=== Begin Enclosure ===

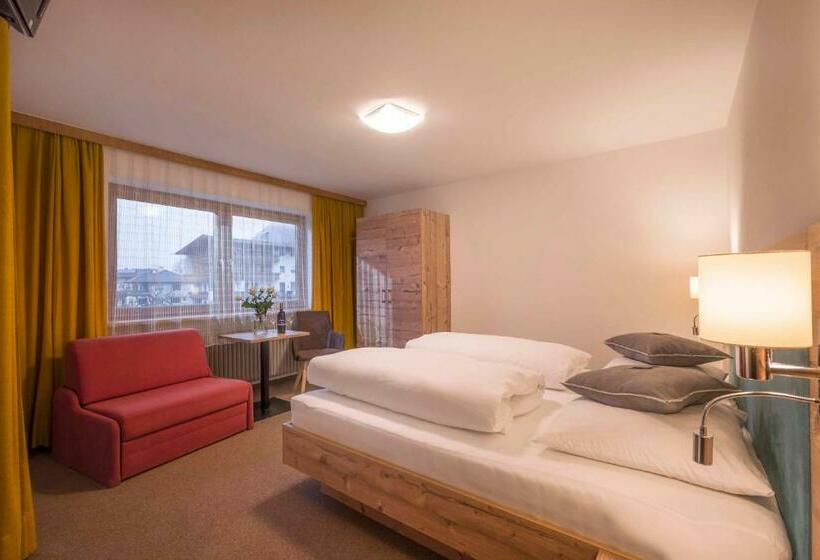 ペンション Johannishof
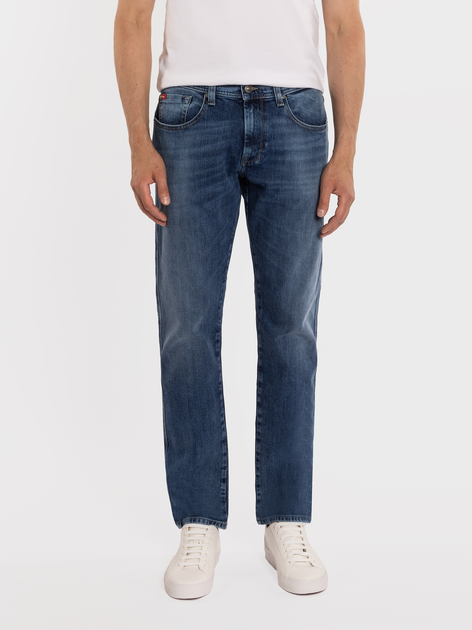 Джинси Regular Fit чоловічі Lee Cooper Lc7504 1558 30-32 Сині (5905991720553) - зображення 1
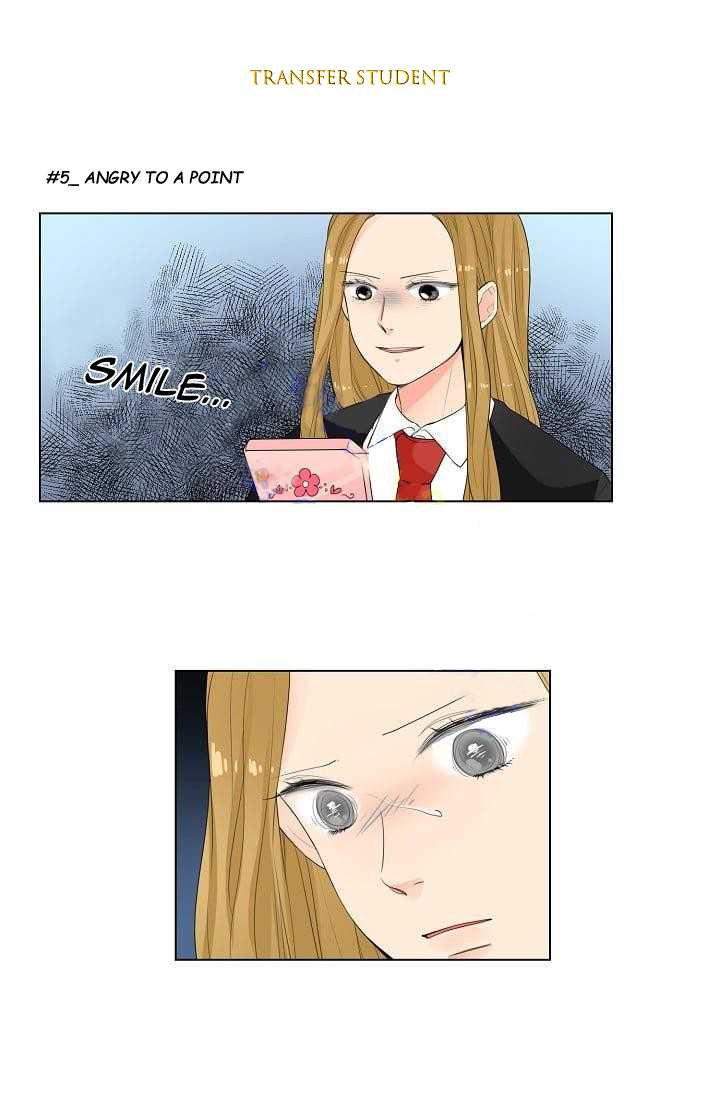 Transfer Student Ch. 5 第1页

=== End Enclosure ===

* [Work to be completed]: Return every line above verbatim, pictures excluded.

* [Written response]:
 ペンション Johannishof
 Джинси Regular Fit чоловічі Lee Cooper Lc7504 1558 30-32 Сині (5905991720553) - зображення 1
 Transfer Student Ch. 5 第1页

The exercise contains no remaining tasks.